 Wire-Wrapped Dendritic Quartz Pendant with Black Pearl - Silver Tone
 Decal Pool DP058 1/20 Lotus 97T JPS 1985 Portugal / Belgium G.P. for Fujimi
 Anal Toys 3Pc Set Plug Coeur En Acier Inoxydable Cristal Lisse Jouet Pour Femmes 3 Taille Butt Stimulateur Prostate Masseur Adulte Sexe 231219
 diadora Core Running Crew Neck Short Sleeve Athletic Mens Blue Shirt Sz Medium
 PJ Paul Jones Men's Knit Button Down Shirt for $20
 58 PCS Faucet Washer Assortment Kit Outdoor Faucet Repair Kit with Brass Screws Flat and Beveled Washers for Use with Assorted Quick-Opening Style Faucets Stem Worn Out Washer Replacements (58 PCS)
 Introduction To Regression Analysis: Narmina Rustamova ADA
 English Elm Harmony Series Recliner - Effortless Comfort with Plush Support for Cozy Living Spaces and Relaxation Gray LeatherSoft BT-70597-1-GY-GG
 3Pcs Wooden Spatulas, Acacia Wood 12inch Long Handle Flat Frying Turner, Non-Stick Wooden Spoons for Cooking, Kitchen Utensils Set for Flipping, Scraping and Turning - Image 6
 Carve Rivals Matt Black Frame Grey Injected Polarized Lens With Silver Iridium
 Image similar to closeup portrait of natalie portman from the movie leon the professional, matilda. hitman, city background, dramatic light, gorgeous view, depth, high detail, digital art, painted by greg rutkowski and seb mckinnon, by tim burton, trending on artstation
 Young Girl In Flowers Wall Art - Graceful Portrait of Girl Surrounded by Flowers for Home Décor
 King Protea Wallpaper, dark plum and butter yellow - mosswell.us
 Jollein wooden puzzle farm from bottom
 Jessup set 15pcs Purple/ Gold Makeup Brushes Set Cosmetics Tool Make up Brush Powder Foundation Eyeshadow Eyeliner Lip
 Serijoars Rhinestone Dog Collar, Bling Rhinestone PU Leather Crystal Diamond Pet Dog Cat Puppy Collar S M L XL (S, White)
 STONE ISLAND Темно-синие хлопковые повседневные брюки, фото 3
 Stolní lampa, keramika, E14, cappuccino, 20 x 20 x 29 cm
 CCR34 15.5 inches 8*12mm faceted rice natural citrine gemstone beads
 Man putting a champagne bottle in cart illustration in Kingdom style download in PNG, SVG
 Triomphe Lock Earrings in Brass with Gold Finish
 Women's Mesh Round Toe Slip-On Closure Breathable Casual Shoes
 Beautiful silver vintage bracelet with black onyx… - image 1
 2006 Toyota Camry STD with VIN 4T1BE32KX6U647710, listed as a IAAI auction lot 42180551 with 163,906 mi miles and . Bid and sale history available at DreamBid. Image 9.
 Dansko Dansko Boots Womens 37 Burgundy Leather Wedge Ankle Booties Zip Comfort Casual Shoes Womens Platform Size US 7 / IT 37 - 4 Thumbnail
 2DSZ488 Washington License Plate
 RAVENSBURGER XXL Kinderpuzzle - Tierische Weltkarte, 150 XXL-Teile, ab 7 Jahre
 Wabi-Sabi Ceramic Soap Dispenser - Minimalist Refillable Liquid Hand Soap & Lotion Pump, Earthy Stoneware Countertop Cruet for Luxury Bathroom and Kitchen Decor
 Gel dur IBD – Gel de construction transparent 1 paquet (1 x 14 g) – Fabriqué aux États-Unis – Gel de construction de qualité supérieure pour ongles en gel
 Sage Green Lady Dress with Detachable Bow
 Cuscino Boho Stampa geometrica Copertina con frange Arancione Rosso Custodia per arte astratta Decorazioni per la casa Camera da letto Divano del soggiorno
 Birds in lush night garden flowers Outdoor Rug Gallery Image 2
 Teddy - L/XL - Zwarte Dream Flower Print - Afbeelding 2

▶ _PROBLEM TO SOLVE_:
Pull each line that includes the word "Outdoor" out of the material above.

▶ _REPLY TO THE EXERCISE_:
 58 PCS Faucet Washer Assortment Kit Outdoor Faucet Repair Kit with Brass Screws Flat and Beveled Washers for Use with Assorted Quick-Opening Style Faucets Stem Worn Out Washer Replacements (58 PCS)
 Birds in lush night garden flowers Outdoor Rug Gallery Image 2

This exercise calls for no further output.